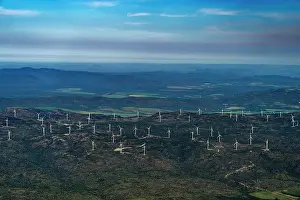 Environmental Issues Prints: Aerial of Mount Emerald wind farm , Arriga, Queensland, Australia. April, 2023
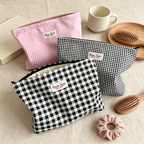 CouldNook Checked Cosmetic Bag - Vanity Storage Accent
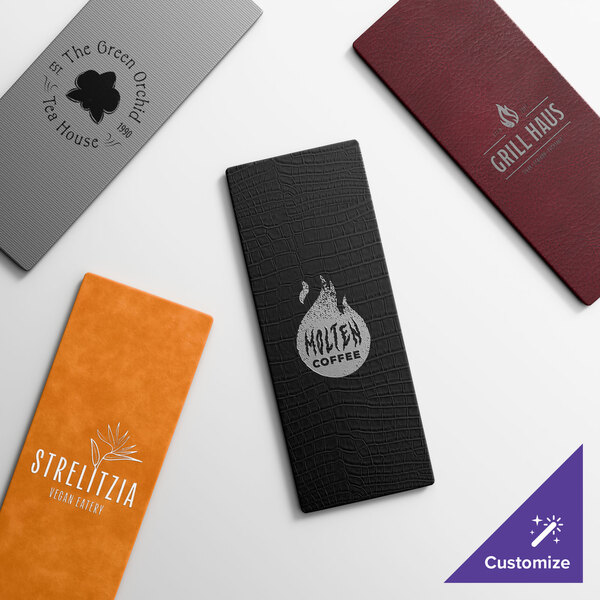 A selection of four customizable slim line menu covers in various colors and textures, each featuring different restaurant logos.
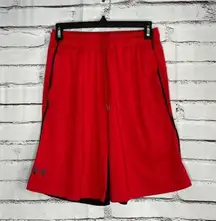 Under Armour Red Black Shorts SM/P Loose Fit Colorblock Athletic Training Gym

◆ PROBLEM DETAILS ◆
Nothing but the lines from the top of the data above through the line containing "CouldNook Checked Cosmetic" should be output, exactly as written and without the pictures.

◆ RESPONSE AREA ◆
 Environmental Issues Prints: Aerial of Mount Emerald wind farm , Arriga, Queensland, Australia. April, 2023
 CouldNook Checked Cosmetic Bag - Vanity Storage Accent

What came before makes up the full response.